Review: This film is often touted as one of the progenitors of the slasher sub-genre of horror films, as well as the magnum opus of writer/director Tobe Hooper. While I certainly can't dispute either of those things, those points also do not mean that this film is everything it is hyped up to be. Nor does it seem worthy of the many sequels that would follow in it's wake.
I found many spots in the film, especially within the first half, that simply drag on way too long. Scenes where nothing really happens. By the time we reach the first kill of the film, you are already about 40 minutes into the film (which has a total run time of about 90 minutes). This glacial pacing in the early part of the film, while perhaps trying to build a mood, simply inspired boredom for me.

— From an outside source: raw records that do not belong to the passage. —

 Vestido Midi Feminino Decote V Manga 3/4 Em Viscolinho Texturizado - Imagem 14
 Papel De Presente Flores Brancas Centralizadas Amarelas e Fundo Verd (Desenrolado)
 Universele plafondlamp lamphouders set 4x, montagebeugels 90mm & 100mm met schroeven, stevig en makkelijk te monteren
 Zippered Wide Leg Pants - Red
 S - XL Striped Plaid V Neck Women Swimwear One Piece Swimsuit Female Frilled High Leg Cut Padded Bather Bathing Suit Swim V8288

Also, while this film is steeped in much controversy, including being banned in other countries for it's "graphic content," and being known as one of the earliest slasher films, it is extremely light on blood and gore. Many later films of this sub-genre would be much more noted for their bloodiness and "graphic content." What Hooper looks to strive for is creating horror through a macabre atmosphere, as the eerie score and odd camera angles and settings would seem to bear out. But these are only effective to a point and some of the strange camera shots quickly become repetitive and owe more to directorial excesses, than to any attempts at psychological horror.

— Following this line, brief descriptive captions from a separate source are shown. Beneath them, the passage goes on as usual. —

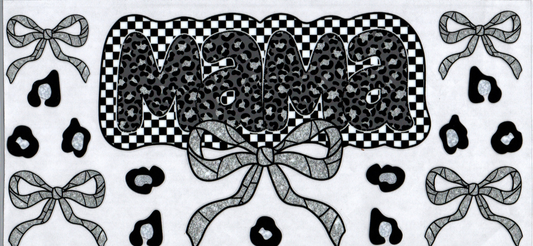 16oz Mama Black & White Checkered with Bows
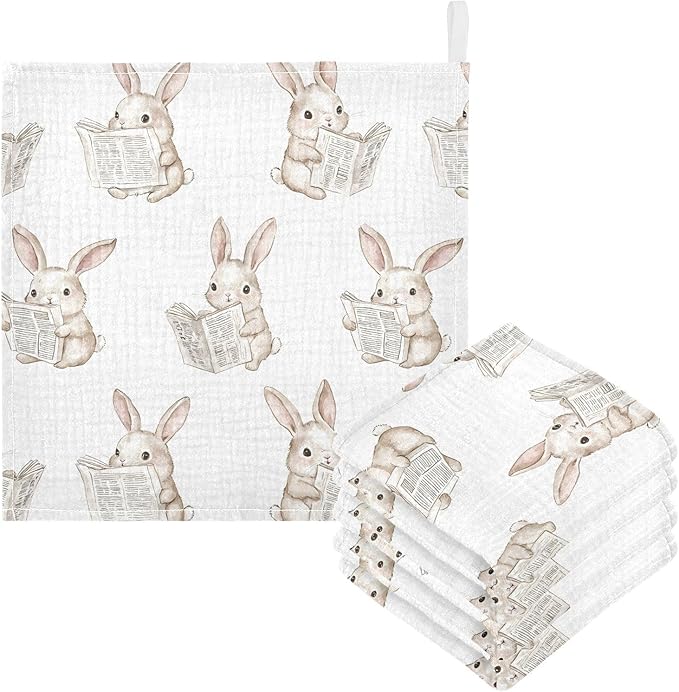 vvfelixl Bunny Reading Newspapers Baby Burp Cloths Baby Muslin Washcloths for Boys Girls Cotton Babys Face Towel for Newborn Infants Soft and Absorbent 11.8 X 11.8 in, 5 Pack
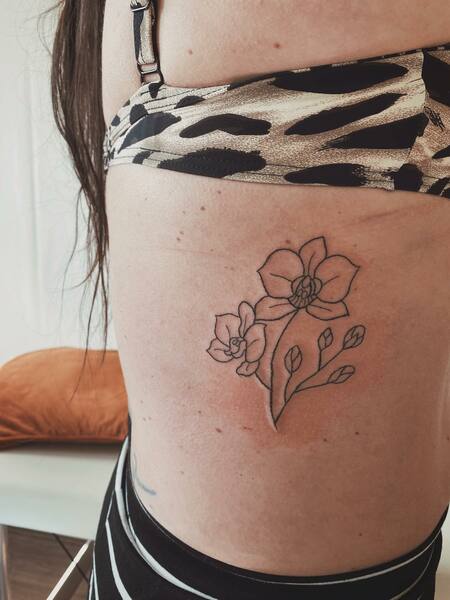 Floral Stick and Poke Tattoo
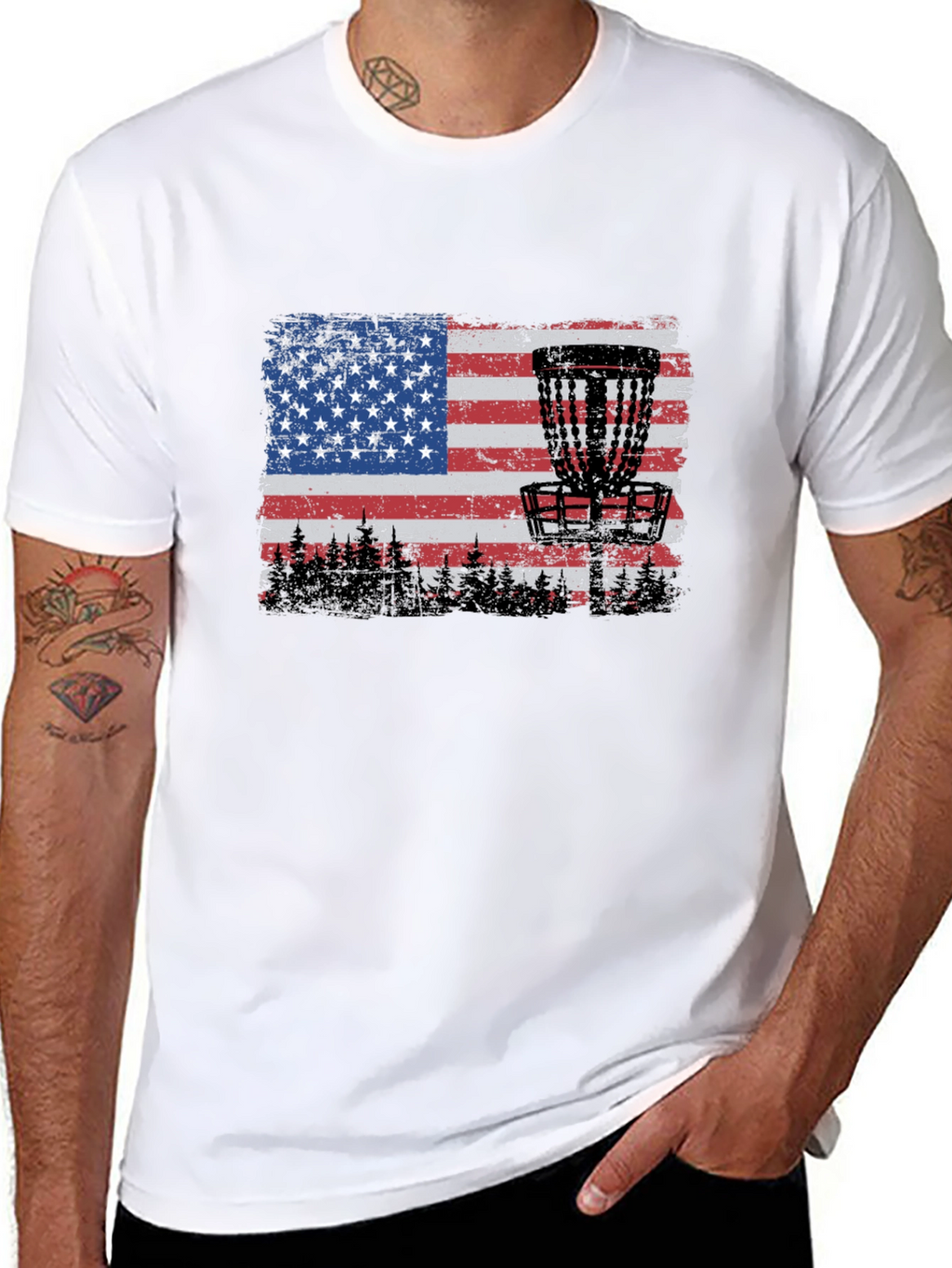 American Flag Disc Golf T-Shirt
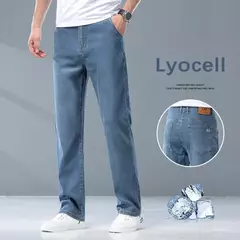 2025 verano fino hombres Lyesel suave caída moda pantalones vaqueros sueltos rectos negocios Casual pantalones de seda hielo ropa de marca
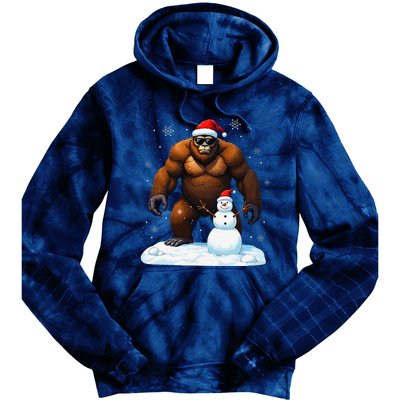 Bigfoot Santa Hat Snowman Merry Christmas Snow Adults Tie Dye Hoodie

Since none of the actors create any characters you really come to care about, nor does the script often give you any clarity on just what is happening and why, the film hampers itself in making you truly care about anything that happens to these people. And when you are trying to scare someone, if you don't make them feel for either the characters or the situation, that is extremely hard, if not impossible, to do. The only scene that was even remotely scary was the chase scene, at just over halfway through the film. The terror of that scene (which was quite long) is visceral, but it alone cannot make up for so much wasted time earlier in the film, nor for the over-use of specialized camera shots, which make the film seem to drag on way too often.

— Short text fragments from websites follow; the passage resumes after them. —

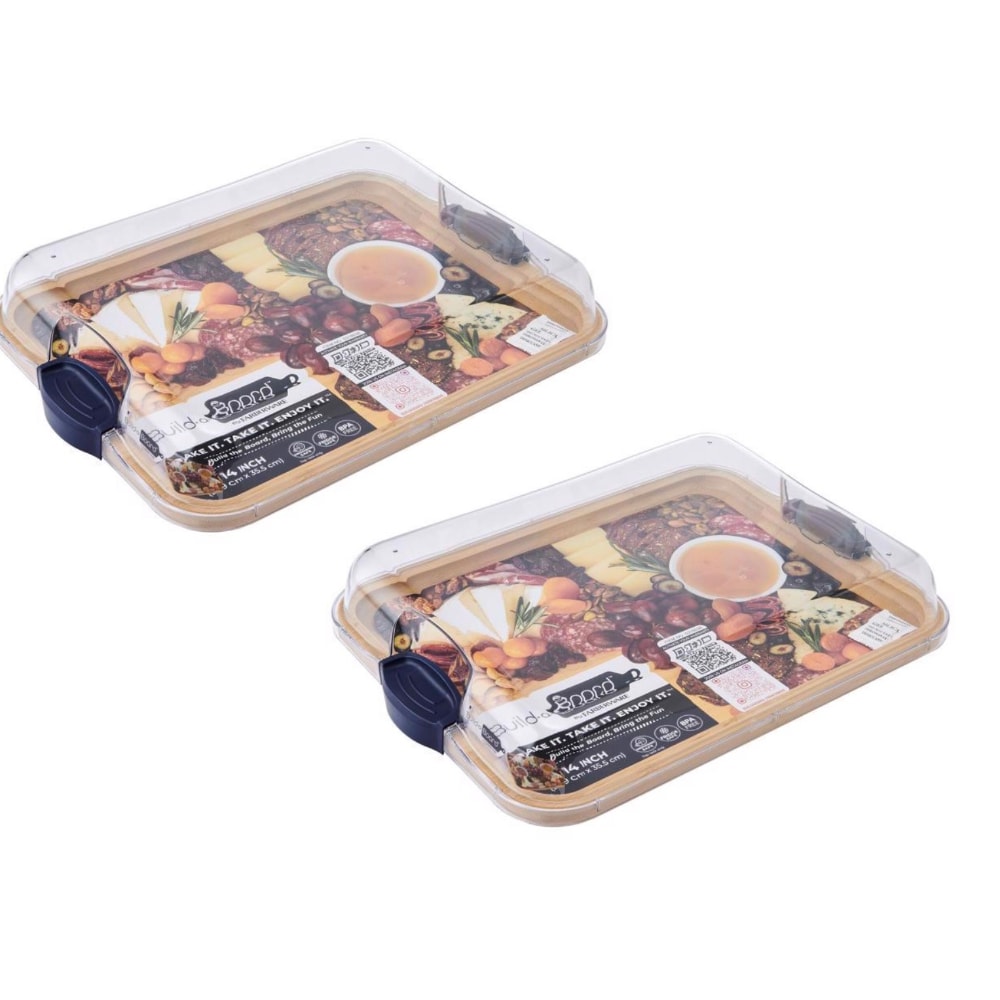 Lifetime Brands Farberware Build a Board Bamboo Board and Serve Tray with lid Pack of 2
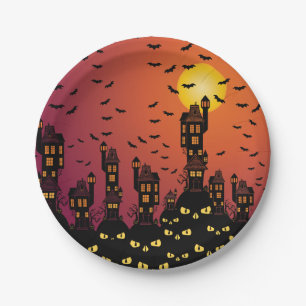 Haunted Village Paper Plate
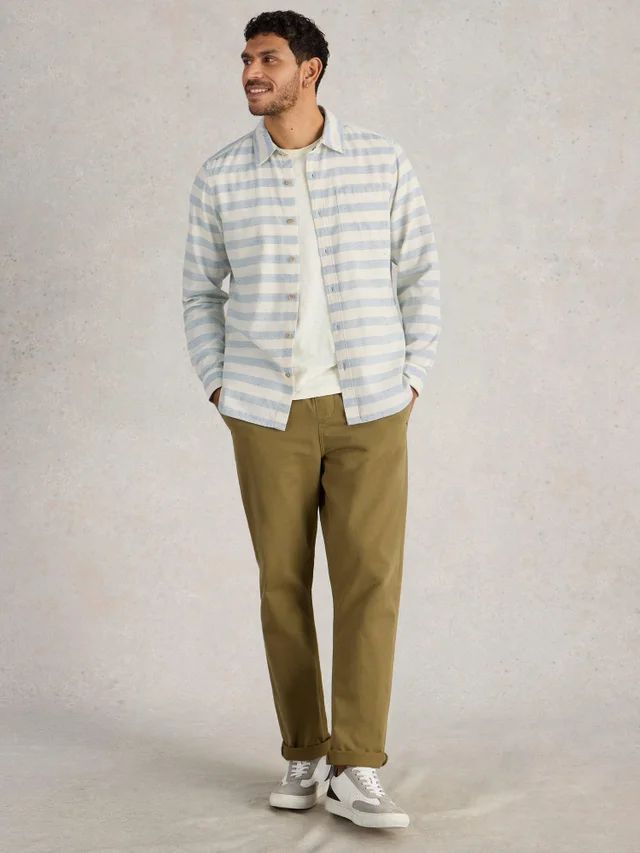 Chemise à manches longues à rayures irrégulières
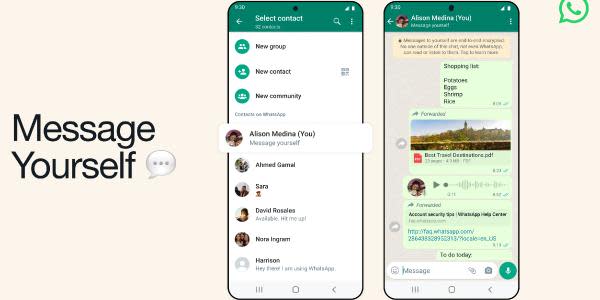 Whatsapp lanza función para que te puedas mensajear a ti mismo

Is "The Texas Chain Saw Massacre" a macabre film? Yes. Is it a bizarre film? Certainly. Is it even a little bit creepy in some spots? Sure enough. But it is not one of the scariest films ever made, as it often gets billed as. It may be one of the original slashers of cinema history, but later films would do a much better job of defining that sub-genre, which this film may have helped to originate. If you are a fan of this franchise, or a die-hard slasher fanatic, then this is a film you probably should see, if only for the historical significance alone. Everyone else can give it a pass, as there are much better slasher films, which are truly much scarier than this one could ever hope to be. In short, "don't believe the hype!"